Work instructions: For this exercise, copy exactly the lines below from the one with "Зеркало CONTINENT Бурже" through the one with "Noël Traditionnel à" and leave out the pictures.

Materials provided:
++++++

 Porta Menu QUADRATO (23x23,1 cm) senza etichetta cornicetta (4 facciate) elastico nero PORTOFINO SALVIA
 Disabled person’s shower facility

++++++

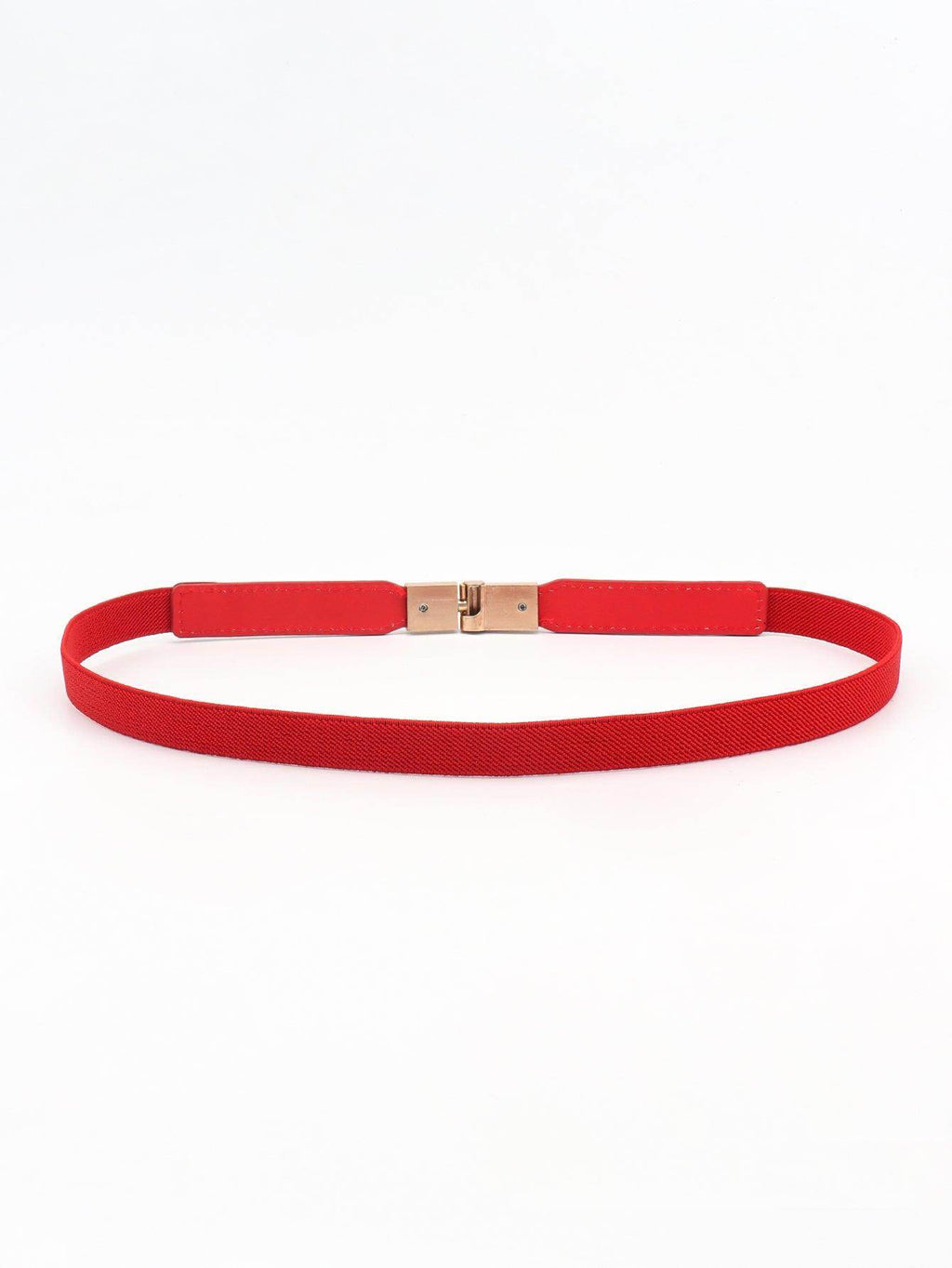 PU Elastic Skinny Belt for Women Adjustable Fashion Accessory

++++++

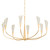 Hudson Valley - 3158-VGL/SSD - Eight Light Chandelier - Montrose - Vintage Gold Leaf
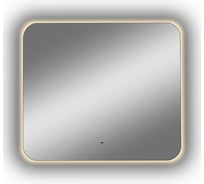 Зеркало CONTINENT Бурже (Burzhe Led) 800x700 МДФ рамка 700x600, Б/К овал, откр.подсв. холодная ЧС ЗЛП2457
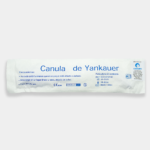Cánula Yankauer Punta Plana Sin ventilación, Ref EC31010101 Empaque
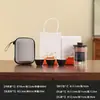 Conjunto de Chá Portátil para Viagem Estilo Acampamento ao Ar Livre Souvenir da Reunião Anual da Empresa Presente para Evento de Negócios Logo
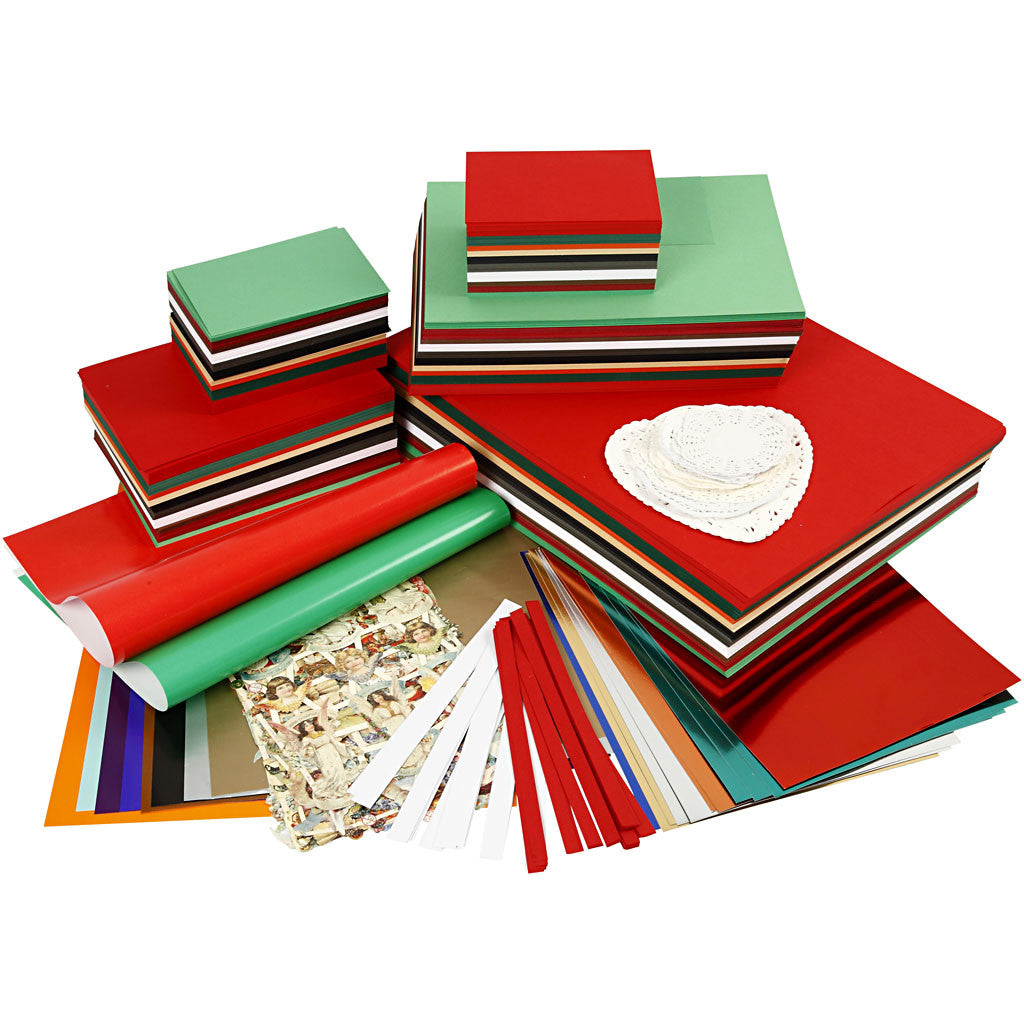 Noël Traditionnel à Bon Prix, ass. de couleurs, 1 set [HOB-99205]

++++++

Answer to the exercise:
 Зеркало CONTINENT Бурже (Burzhe Led) 800x700 МДФ рамка 700x600, Б/К овал, откр.подсв. холодная ЧС ЗЛП2457
Cánula Yankauer Punta Plana Sin ventilación, Ref EC31010101 Empaque
 Conjunto de Chá Portátil para Viagem Estilo Acampamento ao Ar Livre Souvenir da Reunião Anual da Empresa Presente para Evento de Negócios Logo
 Noël Traditionnel à Bon Prix, ass. de couleurs, 1 set [HOB-99205]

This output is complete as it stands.